With the pictures left out, write out exactly the lines of the listing below that run from the line with "Baked BBQ Pork Bun — Hong Kong Kitchen" through the line with "Piscines: Pool Stahlwandpool".
---- Task material
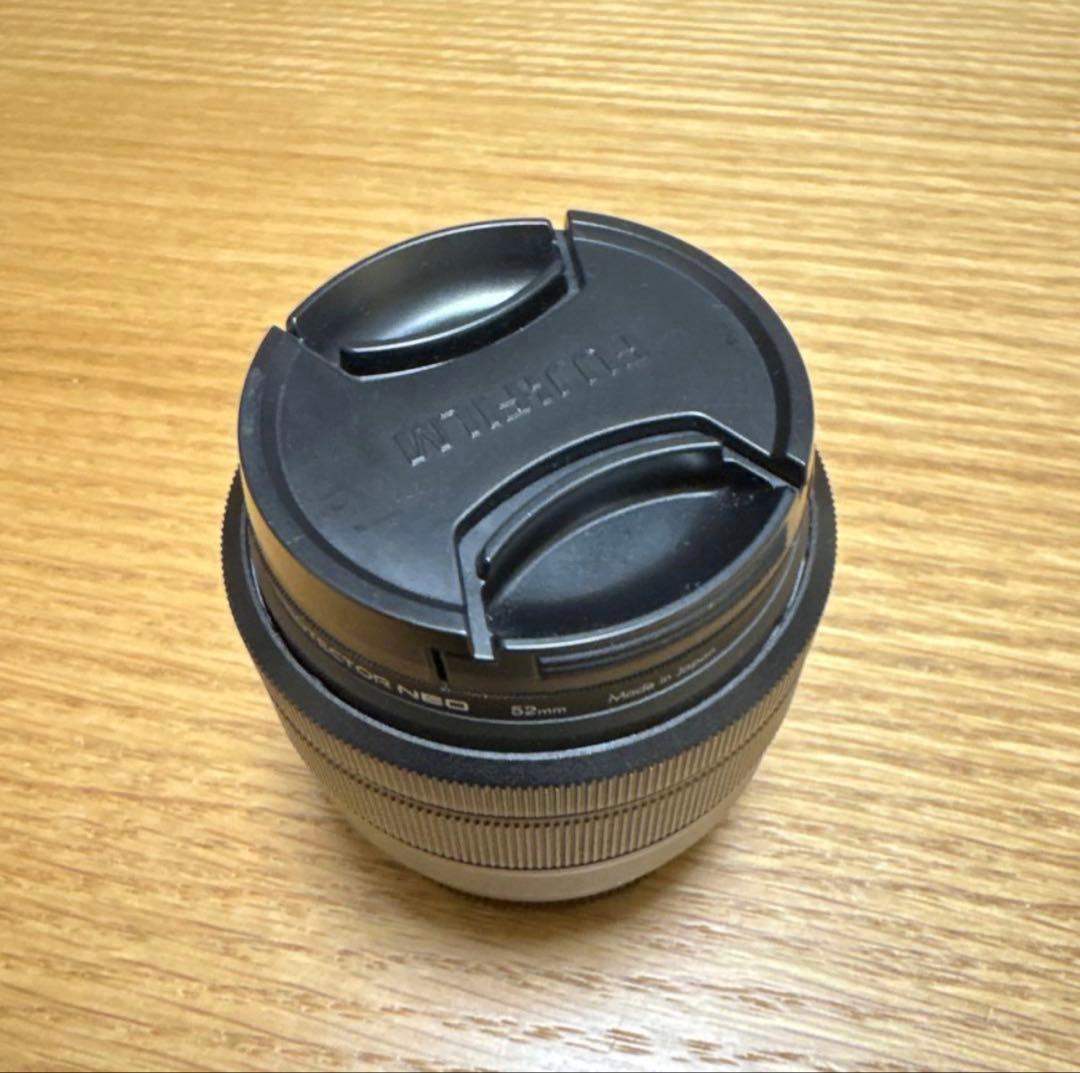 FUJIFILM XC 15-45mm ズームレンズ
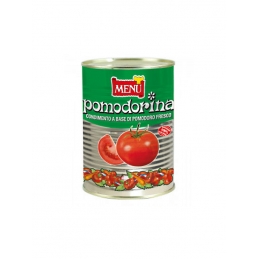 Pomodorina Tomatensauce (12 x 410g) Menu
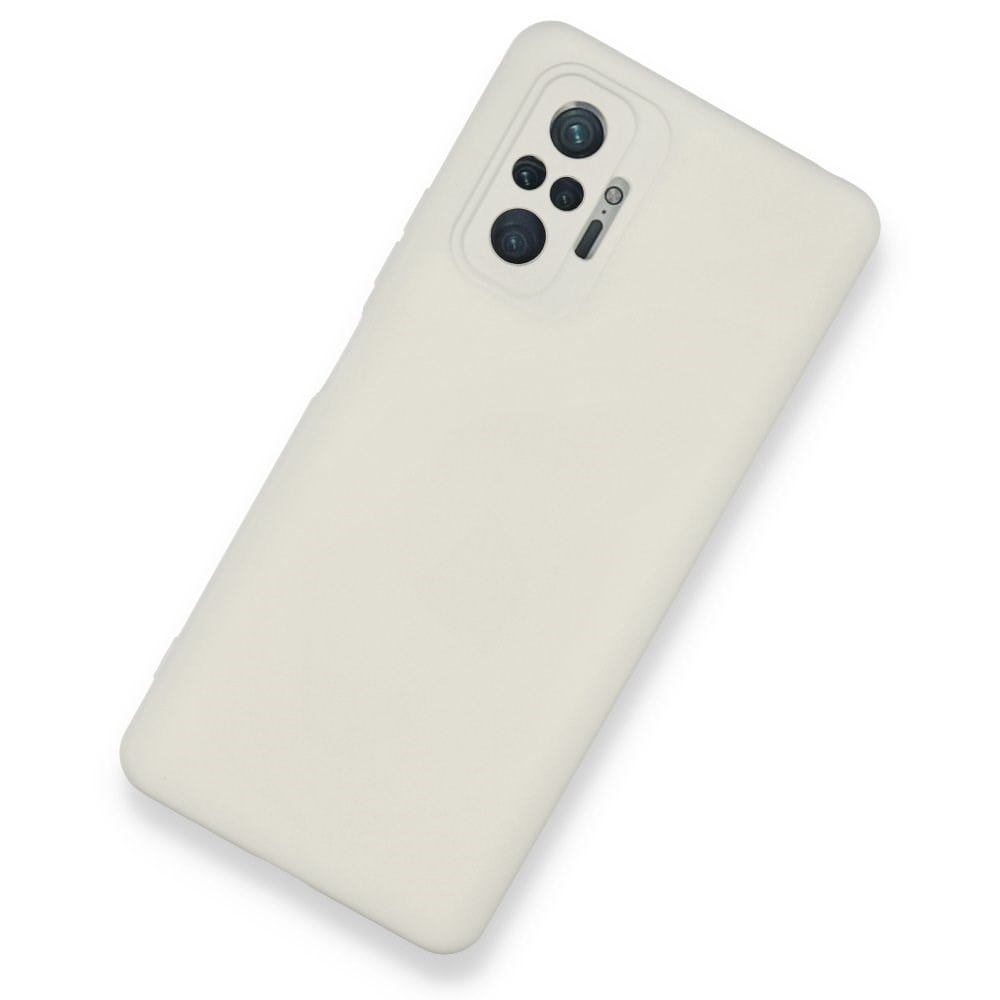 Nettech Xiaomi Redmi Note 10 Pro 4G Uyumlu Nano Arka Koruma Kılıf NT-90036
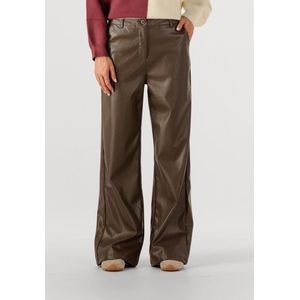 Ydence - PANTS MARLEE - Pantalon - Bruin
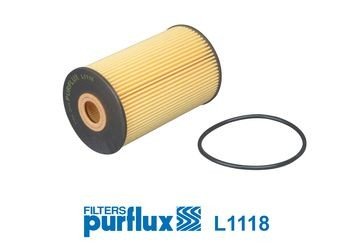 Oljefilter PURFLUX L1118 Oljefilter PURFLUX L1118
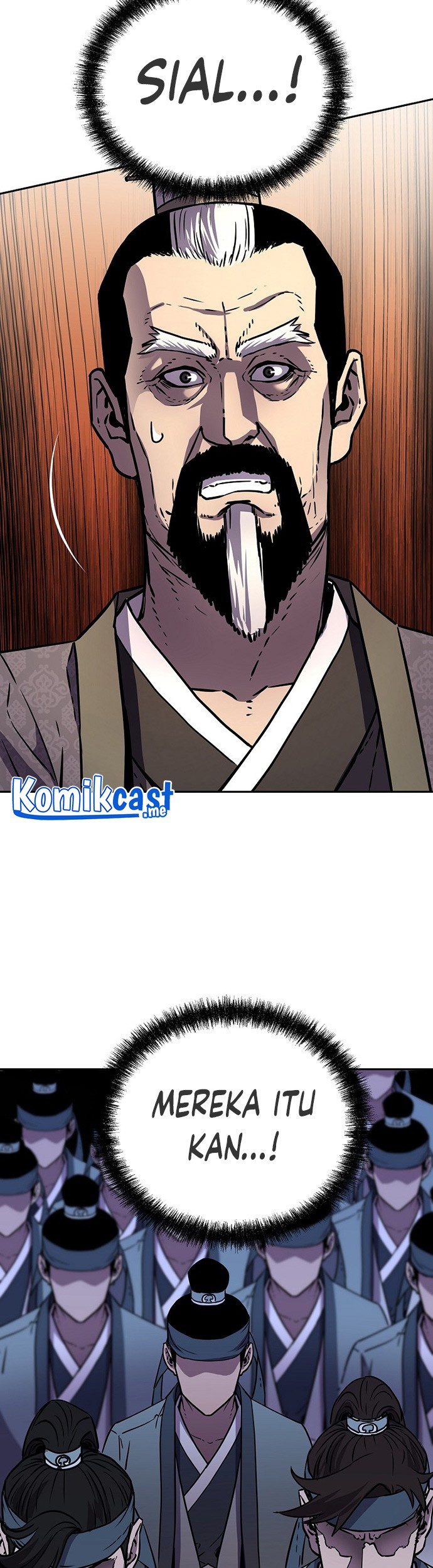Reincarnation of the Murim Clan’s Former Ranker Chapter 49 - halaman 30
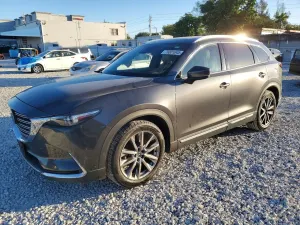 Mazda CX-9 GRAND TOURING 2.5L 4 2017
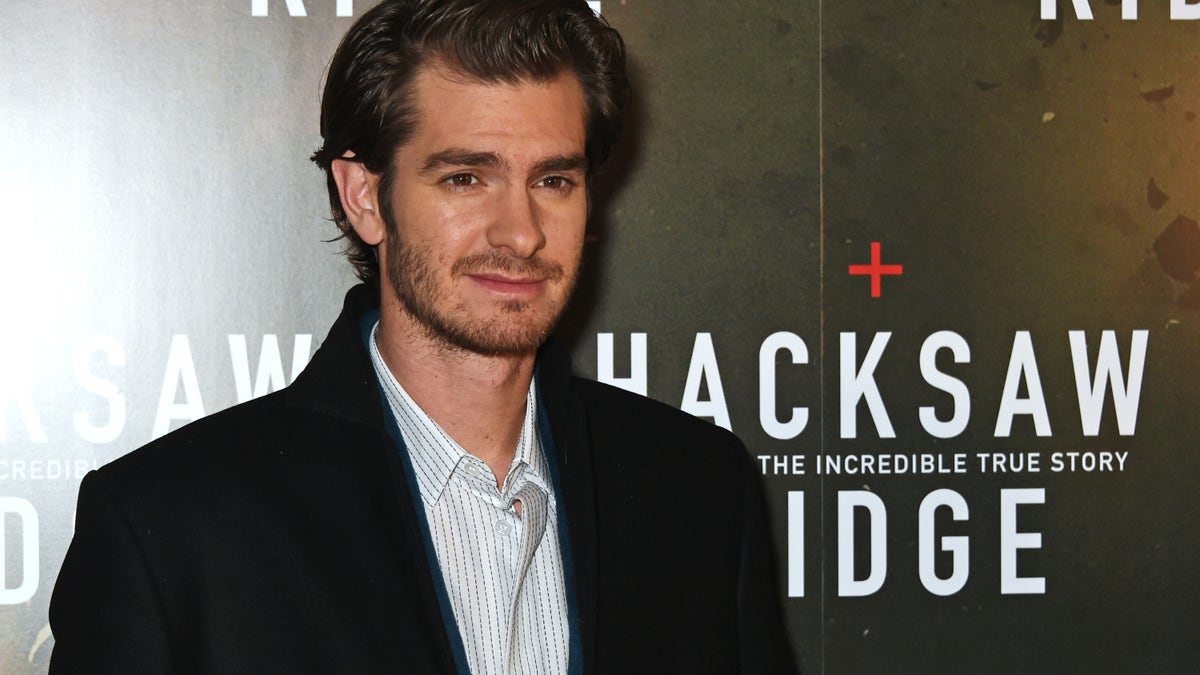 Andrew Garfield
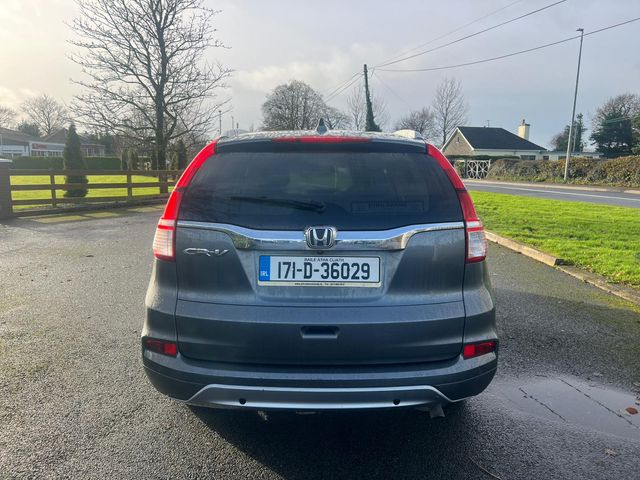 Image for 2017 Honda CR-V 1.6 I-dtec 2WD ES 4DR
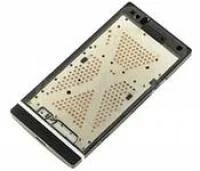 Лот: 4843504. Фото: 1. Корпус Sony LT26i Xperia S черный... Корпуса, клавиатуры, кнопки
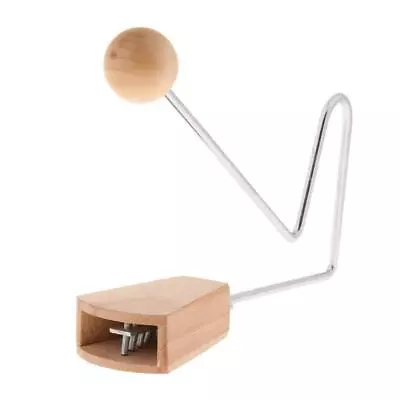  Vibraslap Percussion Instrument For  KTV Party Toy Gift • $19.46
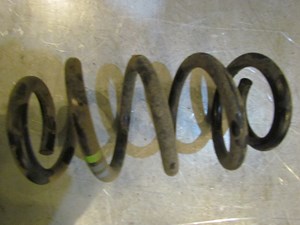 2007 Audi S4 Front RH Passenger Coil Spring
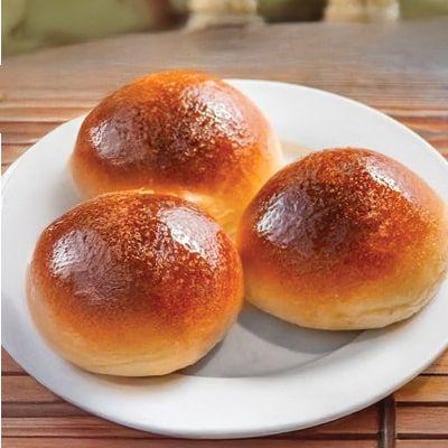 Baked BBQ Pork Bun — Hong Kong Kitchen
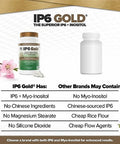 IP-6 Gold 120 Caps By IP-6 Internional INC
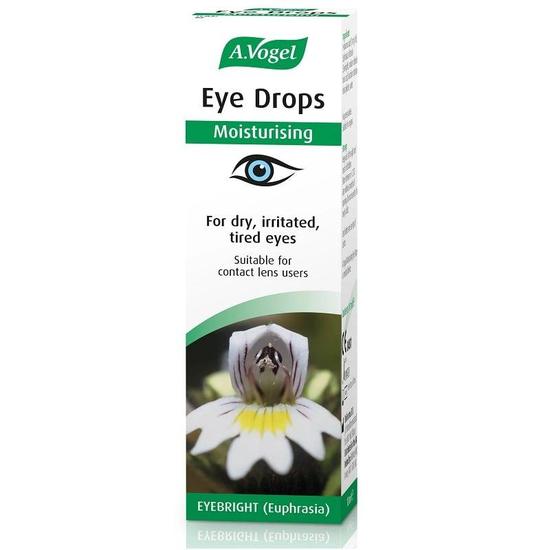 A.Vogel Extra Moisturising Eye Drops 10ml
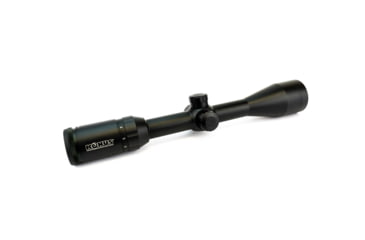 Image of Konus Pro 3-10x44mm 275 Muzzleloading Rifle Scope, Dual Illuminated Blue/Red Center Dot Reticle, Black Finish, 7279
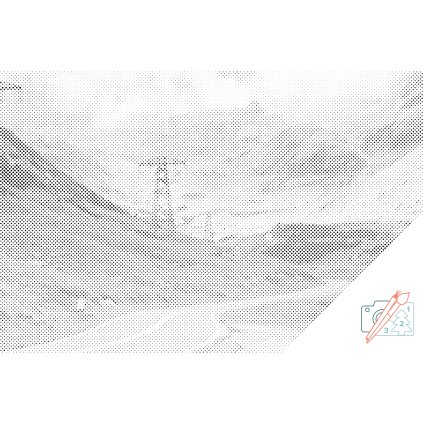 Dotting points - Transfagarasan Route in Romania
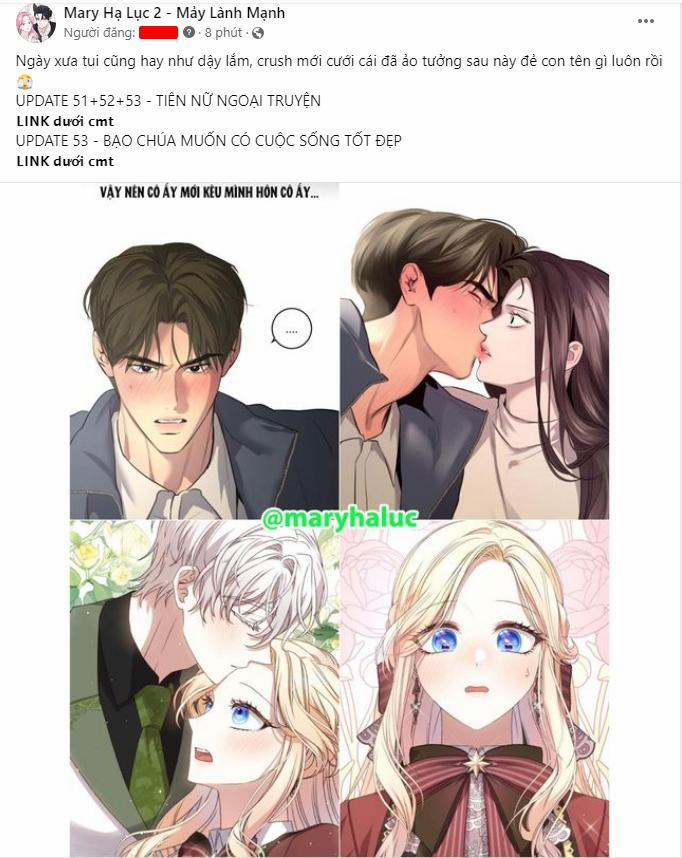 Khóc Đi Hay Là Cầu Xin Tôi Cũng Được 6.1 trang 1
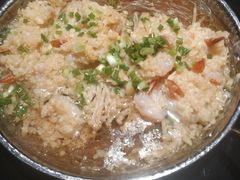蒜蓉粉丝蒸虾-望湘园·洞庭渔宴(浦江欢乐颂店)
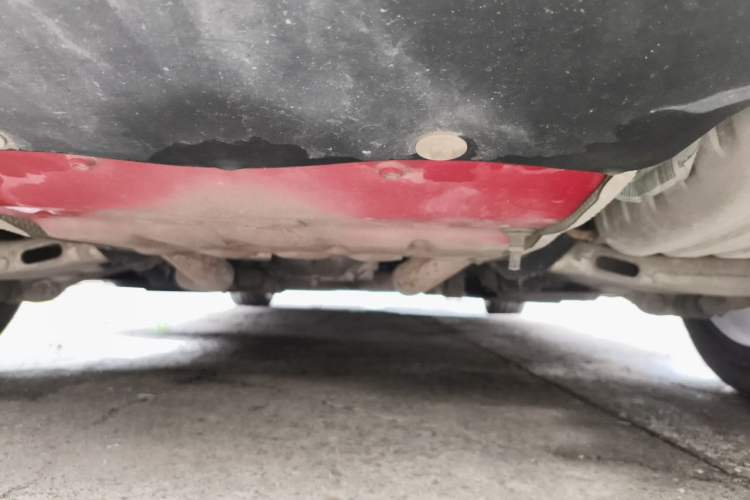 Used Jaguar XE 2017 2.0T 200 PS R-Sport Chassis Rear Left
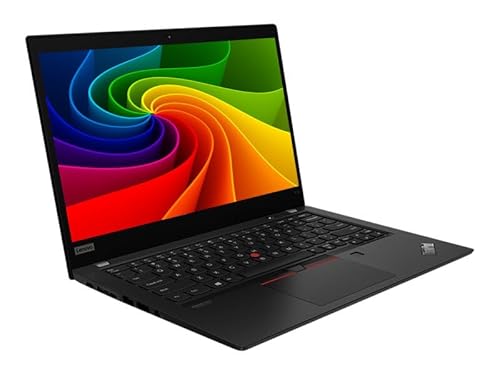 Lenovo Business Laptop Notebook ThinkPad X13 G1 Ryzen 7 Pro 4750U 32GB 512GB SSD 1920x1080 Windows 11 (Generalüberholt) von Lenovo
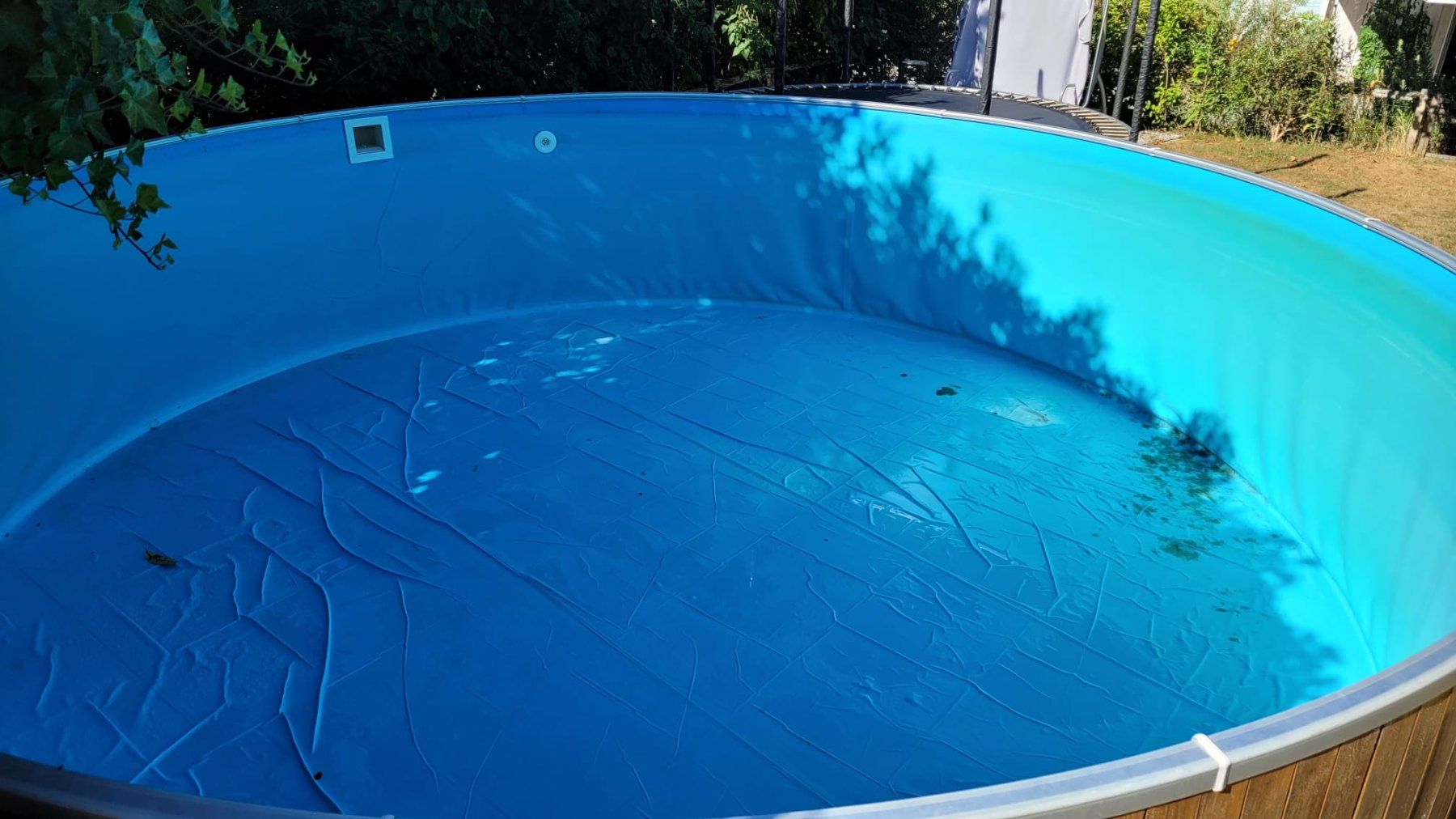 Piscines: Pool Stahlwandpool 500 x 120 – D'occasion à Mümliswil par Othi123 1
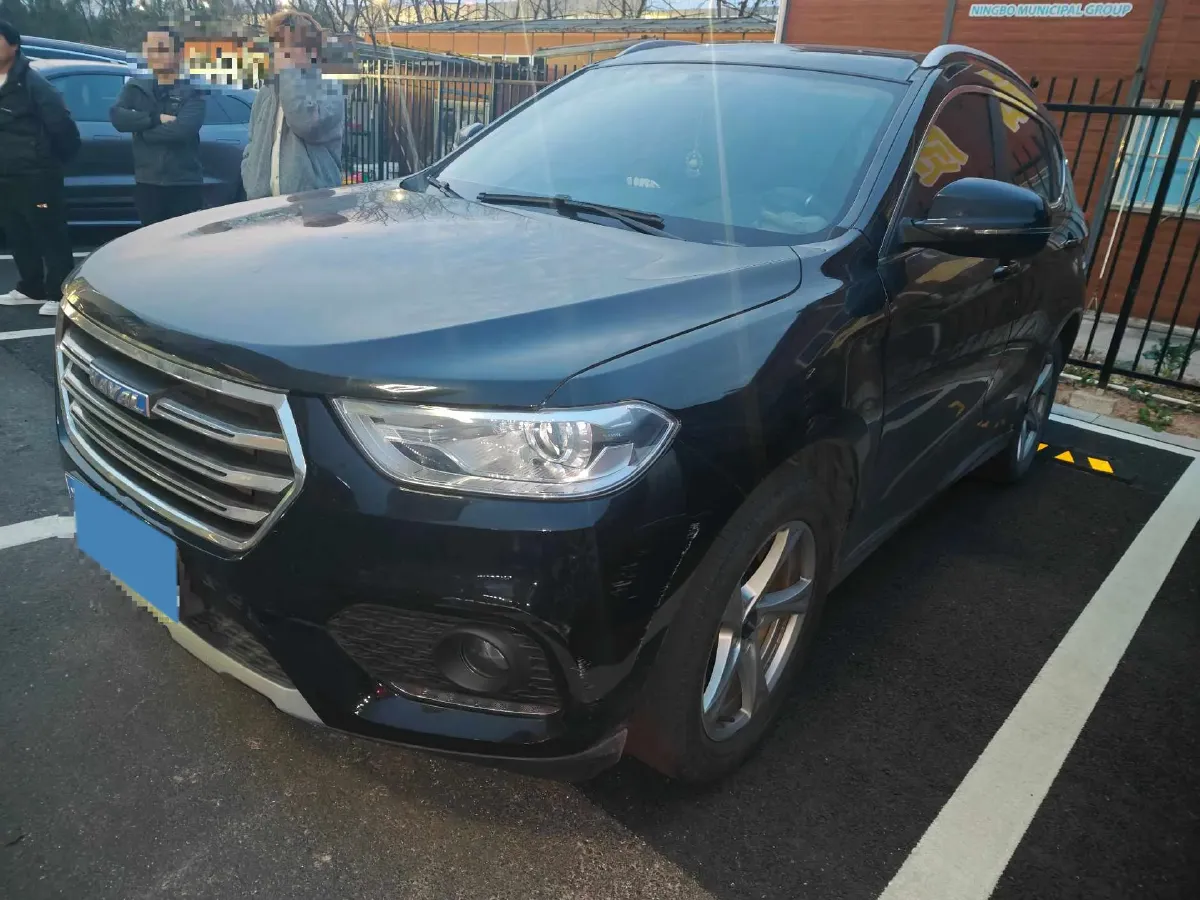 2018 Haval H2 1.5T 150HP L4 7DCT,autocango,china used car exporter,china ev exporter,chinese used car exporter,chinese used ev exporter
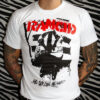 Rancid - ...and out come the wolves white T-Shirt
--------
Written response:
 Baked BBQ Pork Bun — Hong Kong Kitchen
 IP-6 Gold 120 Caps By IP-6 Internional INC
 A.Vogel Extra Moisturising Eye Drops 10ml
 Image of Konus Pro 3-10x44mm 275 Muzzleloading Rifle Scope, Dual Illuminated Blue/Red Center Dot Reticle, Black Finish, 7279
 Dotting points - Transfagarasan Route in Romania
 Khóc Đi Hay Là Cầu Xin Tôi Cũng Được 6.1 trang 1
蒜蓉粉丝蒸虾-望湘园·洞庭渔宴(浦江欢乐颂店)
 Used Jaguar XE 2017 2.0T 200 PS R-Sport Chassis Rear Left
 Lenovo Business Laptop Notebook ThinkPad X13 G1 Ryzen 7 Pro 4750U 32GB 512GB SSD 1920x1080 Windows 11 (Generalüberholt) von Lenovo
 Piscines: Pool Stahlwandpool 500 x 120 – D'occasion à Mümliswil par Othi123 1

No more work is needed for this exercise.